(Data for this task Opens)

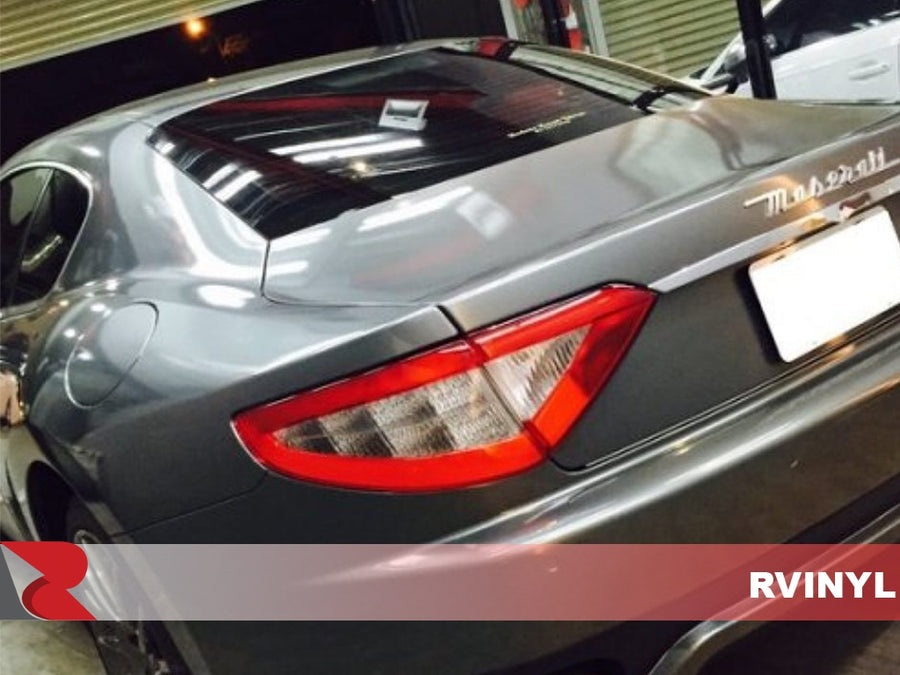 3M 1080 Series Gloss Sterling Silver Trunk Wrap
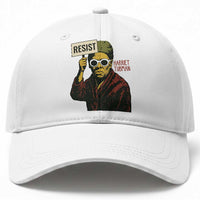 Funny Harriet Tubman Says Resist Baseball Cap Female Empowerment History Gift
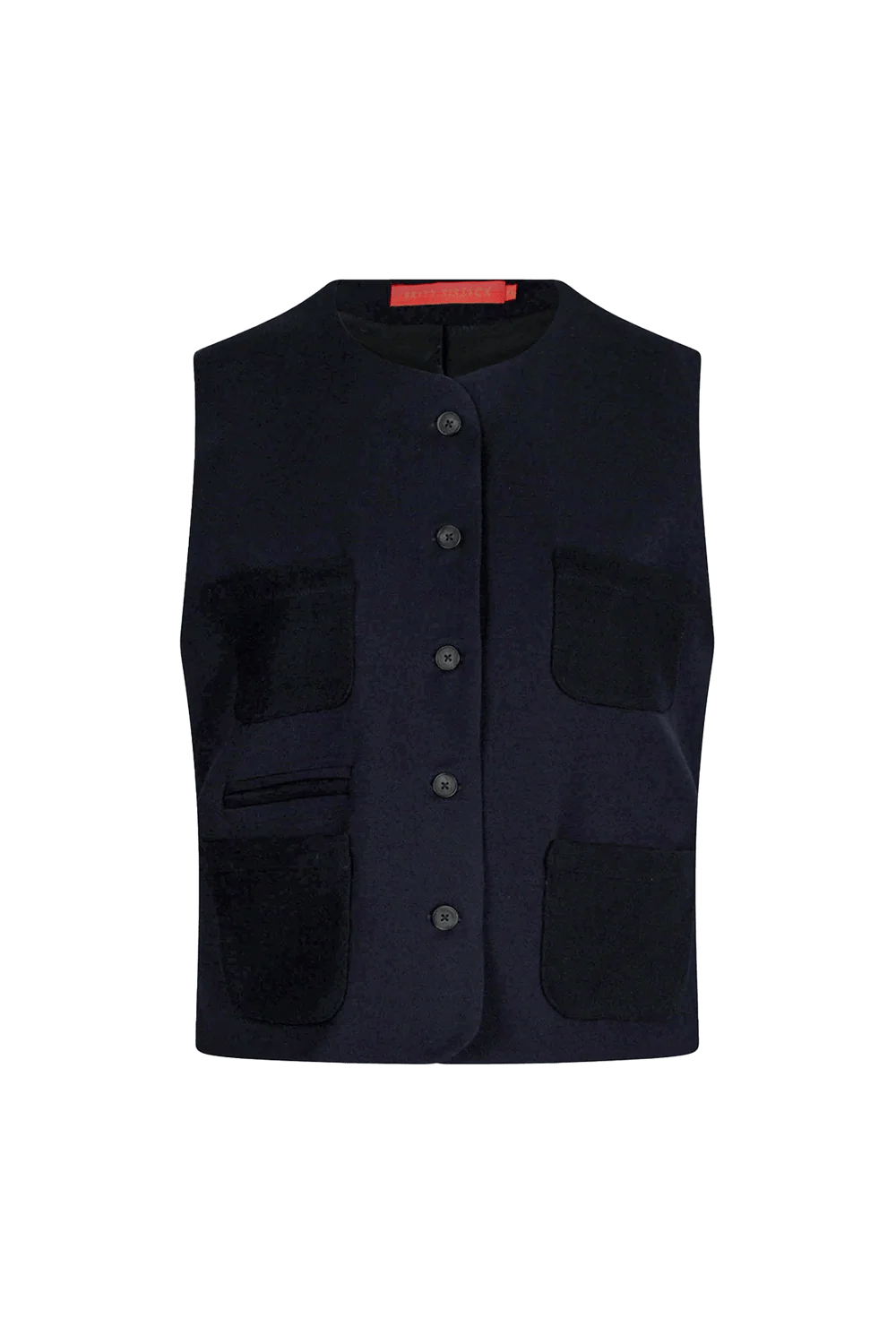 Britt Sisseck Vest Tinnie Nightsky - Den Lille Ida - Britt Sisseck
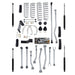 Rubicon Express RE7144T JK Lift Kit Super Flex 4.5 Inch W/Shocks 07-18 Jeep Wrangler JKU 4 Dr Rubicon Express - Truck Part Superstore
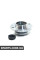 NFH943 NFCEUROPE Підшипник маточини зад. PEUGEOT 305/405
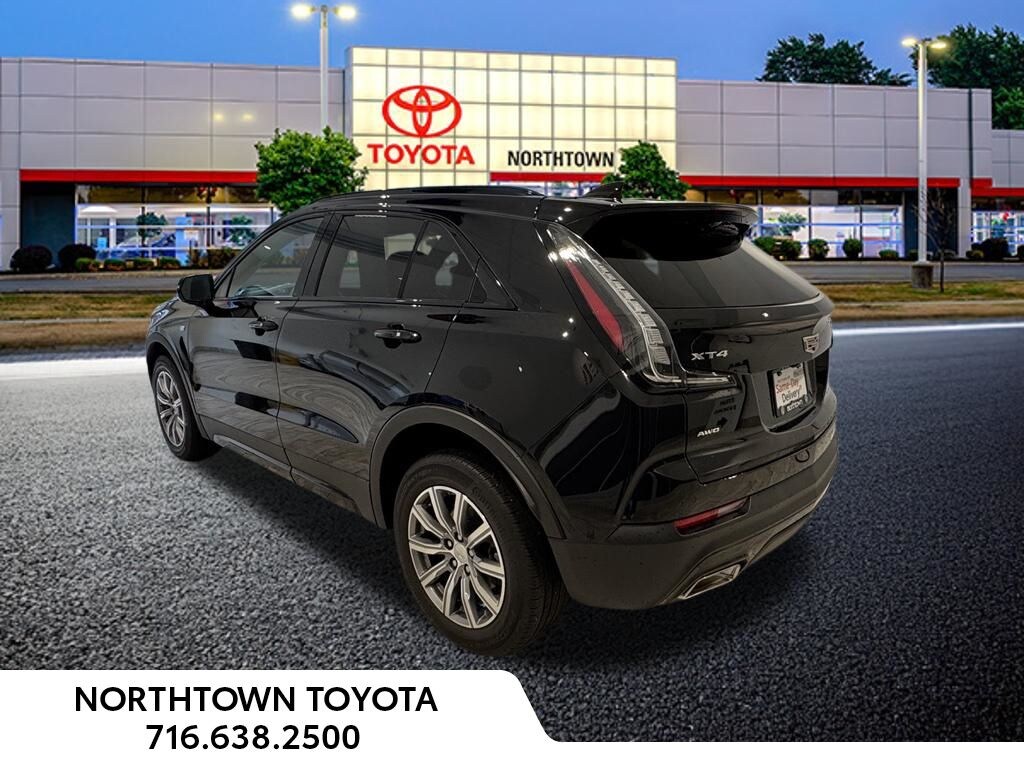 Used 2023 Cadillac XT4 Sport SUV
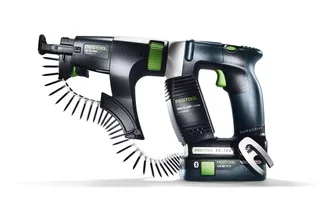 Visseuse plaque de plâtre Festool DWC 18-4500 HPC 4,0 I-Plus avec 2 batteries 18V 4Ah et SYSTAINER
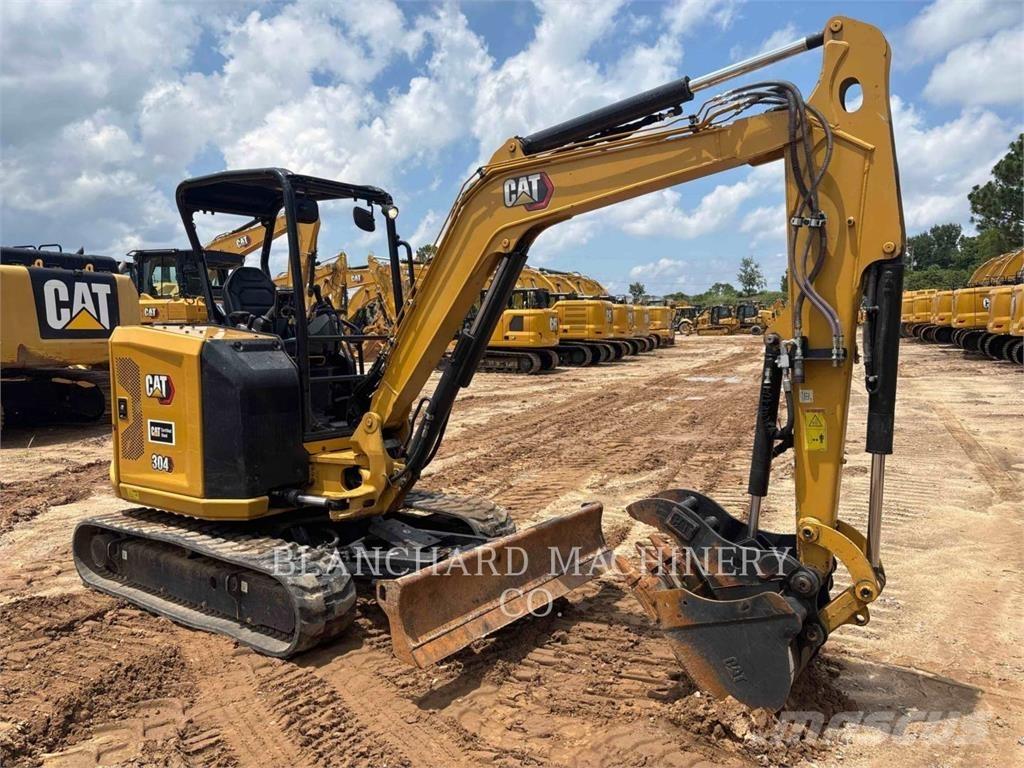 CAT 304 Верижен екскаватор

(Data for this task Closes)

#### Problem to work on:
Your copy should hold only the lines running from the one that contains "NFH943 NFCEUROPE Підшипник" through the final line of the data; transcribe them exactly, both ends included, and leave pictures out.

#### Reply:
 NFH943 NFCEUROPE Підшипник маточини зад. PEUGEOT 305/405
 Used 2023 Cadillac XT4 Sport SUV
 Visseuse plaque de plâtre Festool DWC 18-4500 HPC 4,0 I-Plus avec 2 batteries 18V 4Ah et SYSTAINER
 CAT 304 Верижен екскаватор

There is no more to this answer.